I first saw the Modern Lovers live at Dingwalls in London in 1983. I stood down the front, transfixed, and it was only afterwards that a couple of strangers pointed out that I'd been standing next to David Bowie - and hadn't noticed. Apparently I also stood next to John Peel at a Fall gig in Cambridge in the 90s. Of both missed opportunities to have said hello to a couple of heroes of mine, it is the latter which I regret most.

For a few years I travelled wherever practical to see him and whichever incarnation of his Modern Lovers were by his side at the time. I even met him briefly outside the Electric Ballroom as we were queueing outside and he wandered past down the road carrying his guitar. I shook his hand and he signed the piece of paper I proffered with the air of someone who wasn't used to being asked for autographs. That was July 4th, American Independence Day, 1985, where he and the Modern Lovers - Asa Brebner and Andy Paley on that tour - were billed to play a twenty-minute set supporting Green on Red. To say that they blew the roof off is an understatement.
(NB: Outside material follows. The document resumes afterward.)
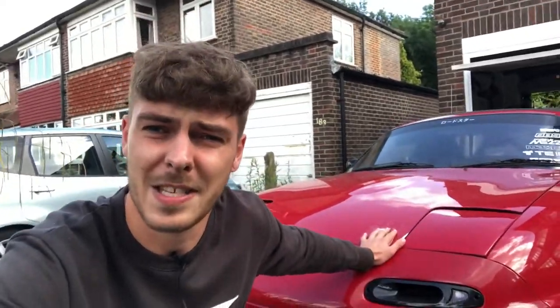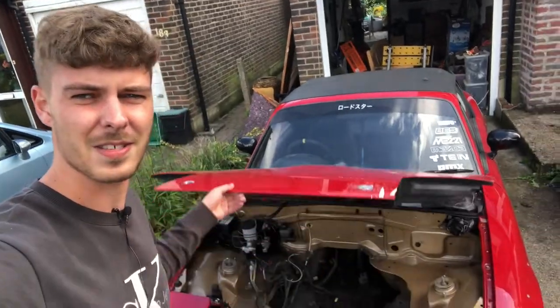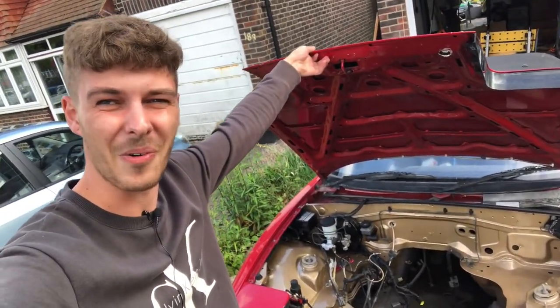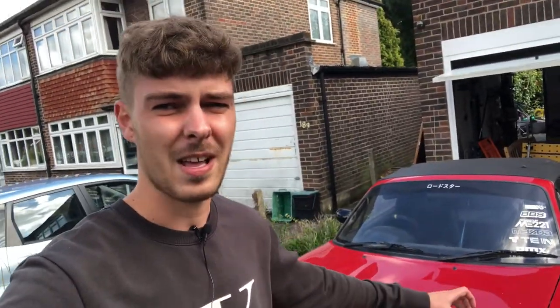But this is my channel, this is my Mark 1 Mazda MX-5. If we have a look at what we've been doing in the last couple of videos, this is my smooth engine bay in Ford gold. I'm really happy with how it's going, but I really just wanted to start fresh on the channel and welcome you guys to my Mark 1 Mazda MX-5 journey — hit that subscribe button if you want to join.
It was just astonishing, of the many, many occasions I saw him live I don't think he was ever better than on that night.

In those days I used to smuggle a little cassette recorder into gigs, and have recorded evidence that the shouting of 'Jonathan! Jonathan!' and stamping for an encore lasted not only for the interval between the sets, but through the entirety of Green on Red's performance.

Several years later he played the Acoustic Tent at Glastonbury, and a portion of the audience attempted to dismantle the venue in protest at his being denied the opportunity to play another encore. Someone I was speaking to afterwards described it as being almost as hairy as Reading the year before, when the second stage was practically destroyed because Edwyn Collins had not been allowed to come back on.

People like Eno and David Bowie had reputations for being musical chameleons, but Jojo (as he is known to the initiated), really lived the part, and while until the late 1980s no two of his records sounded very much like the last in terms of their production, just about anything with his name on between 1974's 'Modern Lovers' (released in 1976) and 'Jonathan Goes Country' (1990) are consistently life-affirming and will make anyone with a pulse grin from ear-to-ear regardless of where you're coming from.

Since the early '90s his music has not, in my opinion, been as consistent, although I still buy his albums and would not pass an opportunity to see him live again if it arose.

While his talent is idiosyncratic and erratic, for the last thirty years I've found myself going back to him, and wanting more, and I can't think of any other artists whose body of work offers so much joy yet remain so widely undiscovered.

This album appears to be out of print, selling for ridiculous money at the moment. If you're already a fan then grab it and enjoy. If you've never heard of him then prepare to be blown away - then look out for 'The Modern Lovers', 'It's Time for Jonathan Richman and the Modern Lovers', 'Jonathan Goes Country', and - from 1996, his last truly consistent album, a complete return to form - 'Surrender to Jonathan'.

Unlike this one most seem to be available, so buy 'em while they're still out there!